*What you have to do*.
Copy out every line of the data exactly; do not include the images.

--- Given information ---

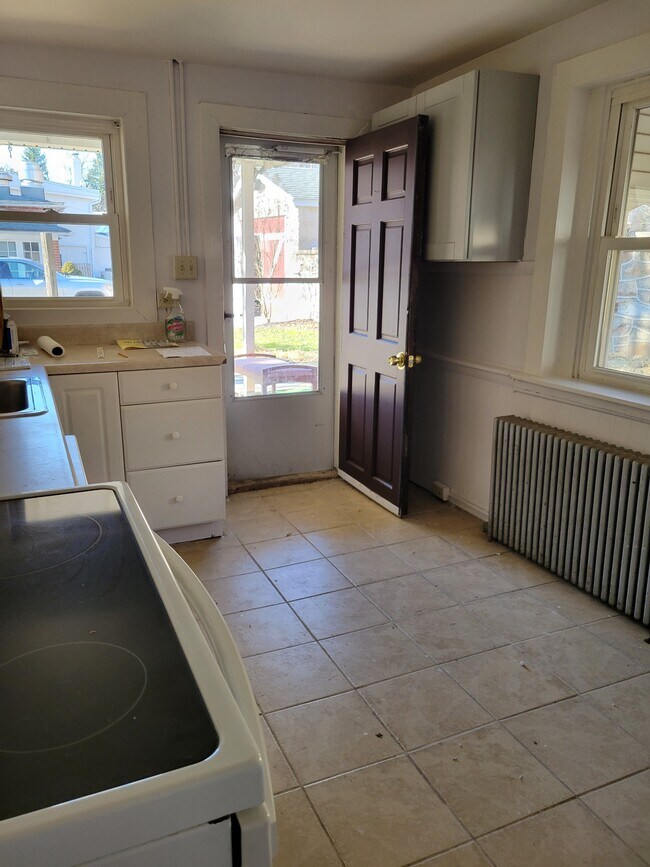 Kitchen - 2445 Yellow Springs Rd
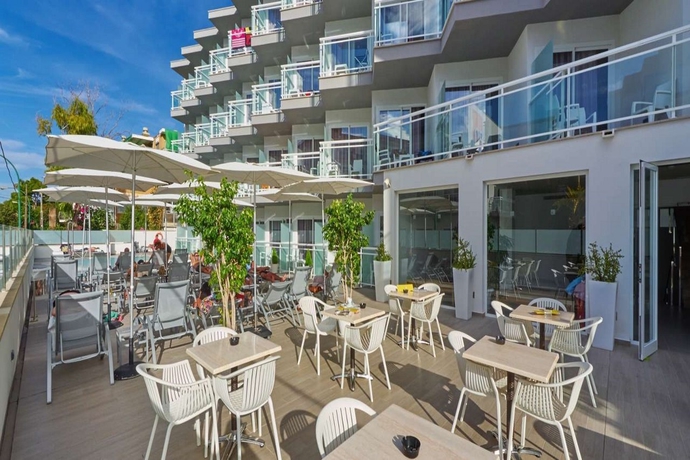 Imagen general del Hotel Bq Amfora Beach - Adults Only. Foto 11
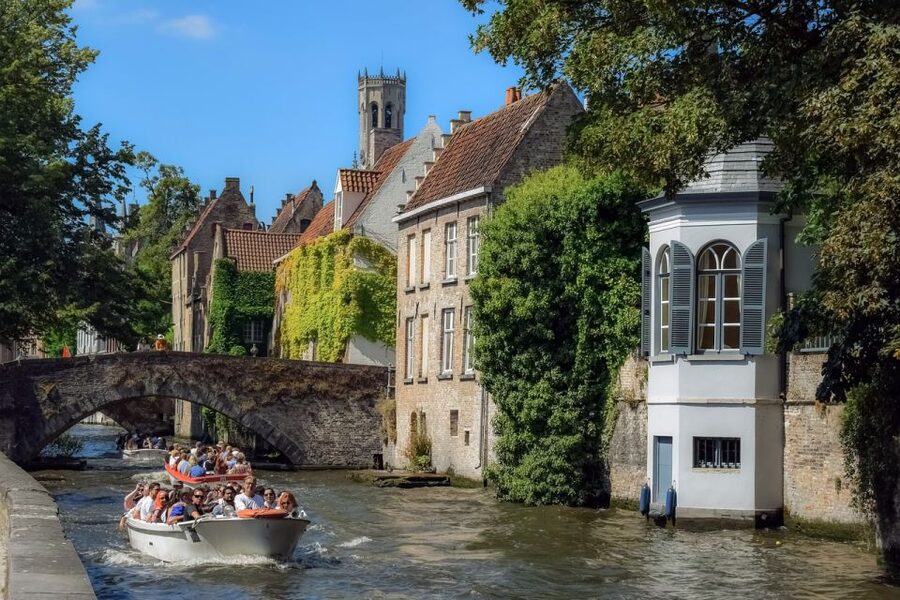 Bruges: Walking Tour, Canal Boat Trip w/Beer Tasting Option - From Lake of Love to the Begijnhof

---

*Response area*.
 Kitchen - 2445 Yellow Springs Rd
 Imagen general del Hotel Bq Amfora Beach - Adults Only. Foto 11
 Bruges: Walking Tour, Canal Boat Trip w/Beer Tasting Option - From Lake of Love to the Begijnhof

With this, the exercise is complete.